A vida é bela

“No meu entender o ser humano tem duas formas de enfrentar o trágico da existência: o sonho e o riso.”

Ariano Suassuna

Após 8 dias de cama por conta de uma virose forte num corpo de quase 73 anos, finalmente dormi por umas boas horas de sono reconfortante e me dei conta de como é bom estar voltando à plenitude da vida. A sensação é de alegria, apesar de tudo que vivemos neste início de século vinte e um, o que demonstra, implicitamente, que tenho esperança.

Conheço uma historinha engraçada ocorrida em Mossoró, cidade onde vivi de 1960 a 1970, na qual nasceu a minha descendência materna dos Rosados, de presença política marcante na região e Estado do Rio Grande do Norte, e que bem demonstra o apego que em geral temos à vida.

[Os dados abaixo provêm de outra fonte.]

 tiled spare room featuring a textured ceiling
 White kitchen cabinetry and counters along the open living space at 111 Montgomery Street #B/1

Meu pai era mineiro de Mariana, militar de baixa patente e de alta compostura humana, herói da segunda guerra mundial quando patrulhou o Atlântico Sul como radiotelegrafista de voo, recebendo medalha e promoção, o que o fez chegar a primeiro tenente da aeronáutica, após ir para a reserva, daí as minhas múltiplas andanças Brasil afora após o nascimento do Rio de Janeiro.

Em Mossoró, um bispo velhinho, de 95 anos, aposentado por invalidez episcopal, estava muito doente. O Bispo Diocesano colocou três seminaristas para acompanhar a evolução da doença que acometia o velho pároco, para confortá-lo diante de seu definhamento físico.

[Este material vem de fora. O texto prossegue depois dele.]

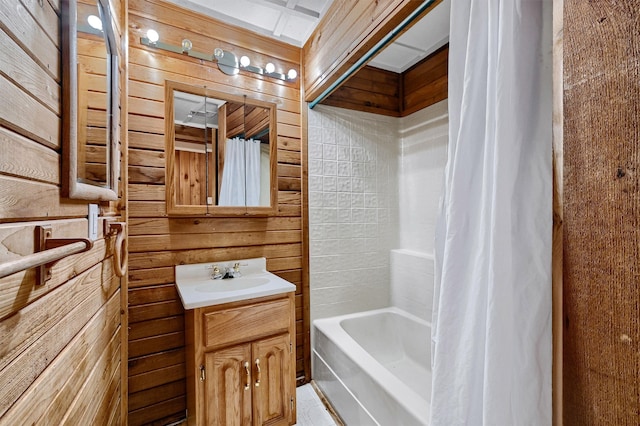 bathroom featuring vanity, shower / bath combo with shower curtain, and wooden walls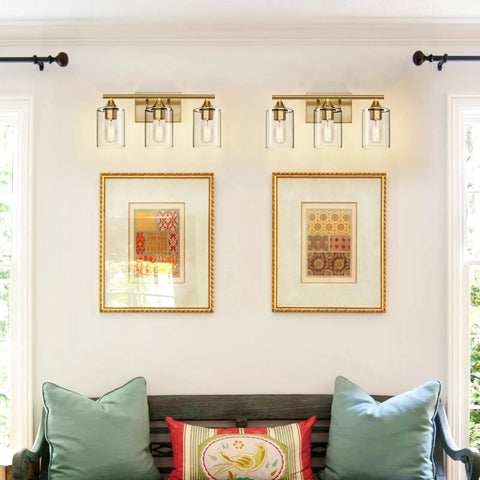 Three Light Vanity Light Fixtures Matte Black Finish With Clear Glass Shades above framed artwork in living room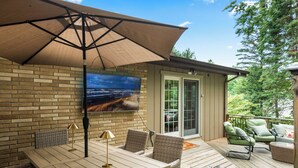 Eine Terrasse mit Tisch und Stühlen, ein an der Wand montierter Fernseher und eine Glastür zu einem überdachten Außenbereich.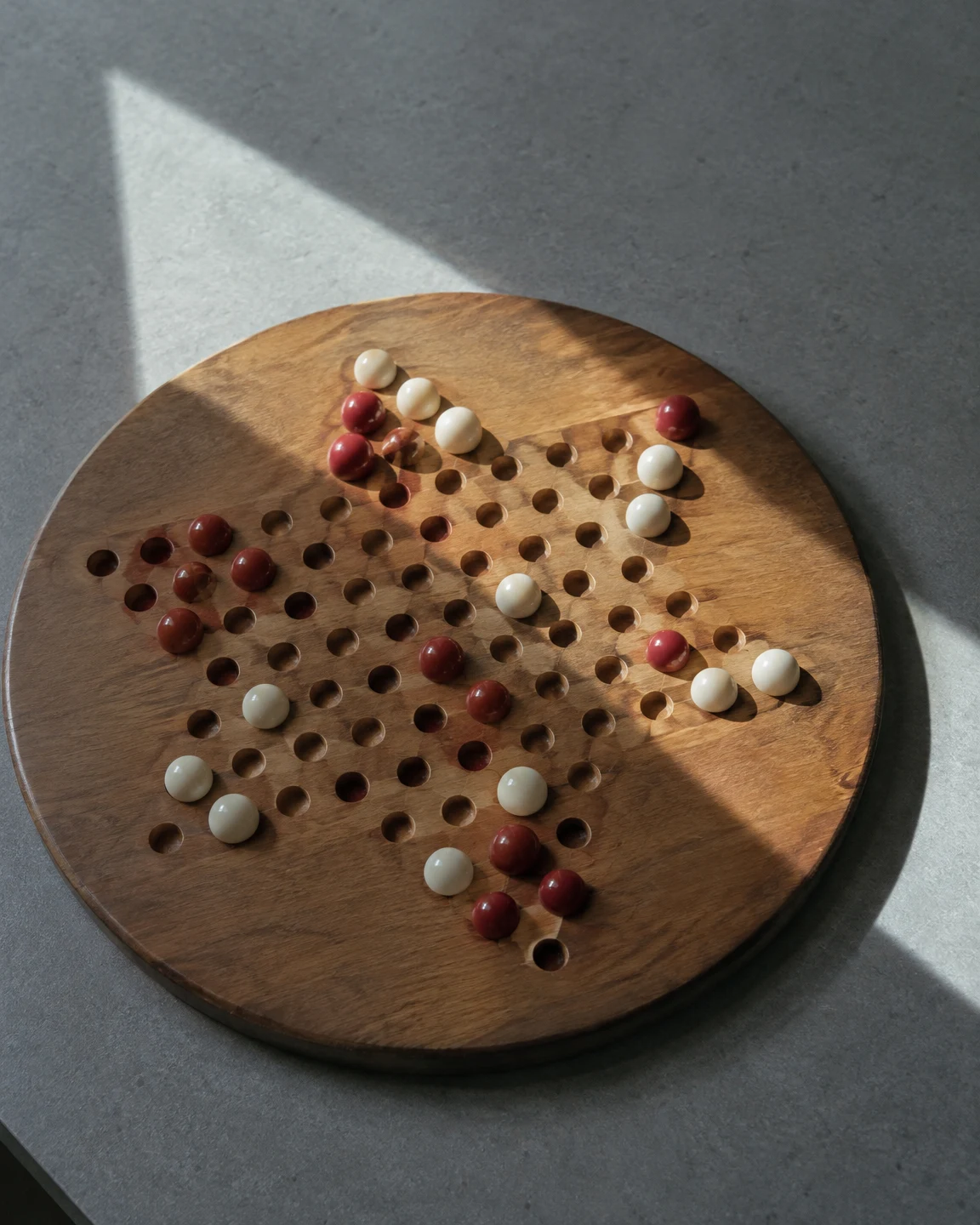A round wooden game board with rows of holes and scattered red and ivory marbles sits on a grey tabletop, crossed by large angular patches of light and shadow.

Os seminaristas começaram por relembrar ao velho pastor as benesses do Céu e, principalmente, as regalias que lhe seriam ofertadas de direito por Deus, como reconhecimento de sua santa vida terrena.
Começaram falando sobre sua entrada triunfal no Céu, que seria acompanhada de tapete vermelho cardinalício e anjos trocando trombetas; seria recebido pessoalmente por São Pedro que o levaria ao trono majestático de Jesus, filho de Deus tornado homem, e por aí vai.

Mas, ao invés do conforto desejado, à medida em que os seminaristas discorriam sobre a boa vida espiritual que o esperava, o velho ordenador de discípulos ficava cada vez mais tenso e ansioso, ao que um dos seminaristas preocupado, perguntou:
“Senhor Bispo: por que o senhor está ficando tão nervoso?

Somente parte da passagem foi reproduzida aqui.